Topic: Writing and Minorities

10-second review: How do you answer the head of the English department of a high school with about 95% minority students, most of whom are African American, when he says, “Why try to teach them to write? They can’t even write a good sentence.”


Title: “Comments by RayS.” July 17, 2009.


Comment: Well, I have not heard that one in a long time. It reminds me of the reasons that English teachers taught grammar when I was young. The thought then was, “You can’t teach them to write compositions until they have learned to write good sentences.” And so I was never taught to write. The teachers never got beyond teaching me to write good sentences. I diagrammed from eighth grade to twelfth. The purpose? To get those lines straight or whatever geometric angle was used for gerunds, phrases and clauses. I never wrote a composition. I never wrote a term paper. I did not know about summary paragraphs. Or introductions. Or thesis sentences. Occasionally, one of my teachers taught us to write paragraphs, so I did know about topic sentences.

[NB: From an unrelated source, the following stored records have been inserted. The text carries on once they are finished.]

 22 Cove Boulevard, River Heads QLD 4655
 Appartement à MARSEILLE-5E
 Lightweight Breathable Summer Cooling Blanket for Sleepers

Grammar and composition are two pretty distinct subjects that enlightened teachers show students how to apply one to the other. Grammar focuses on sentences. Composition focuses on paragraphs, on organization, on coherence in which the writer starts and the reader follows, undistracted by grammatical mistakes, from beginning to end.


Composition means the writing process: (1) brainstorming the topic. (2) Writing a first draft, beginning with a thesis sentence, (3) writing middle paragraphs some of which begin with topic sentences, (4) writing a final, summary paragraph, (5) constructing an introduction to add in the beginning to the thesis sentence, and concluding with (6) revising and (7) editing. Writing means “Telling them what you are going to tell them (introduction and thesis), telling them (middle paragraphs) and telling them what you told them (final, summary paragraph).”


Grammar study has one purpose, and it usually occurs after the draft—to polish the writing.


These students have ideas. They need to be taught how to express those ideas in paragraphs and whole compositions; they need to know how to tell the readers what they are going to tell them, tell them and tell them what they told them. They can go back and fix up the sentences. They should not be limited to the sentence or even the paragraph. Begin by teaching them to write whole compositions and then show them how to use a knowledge of grammar to complete and smooth their sentences. RayS.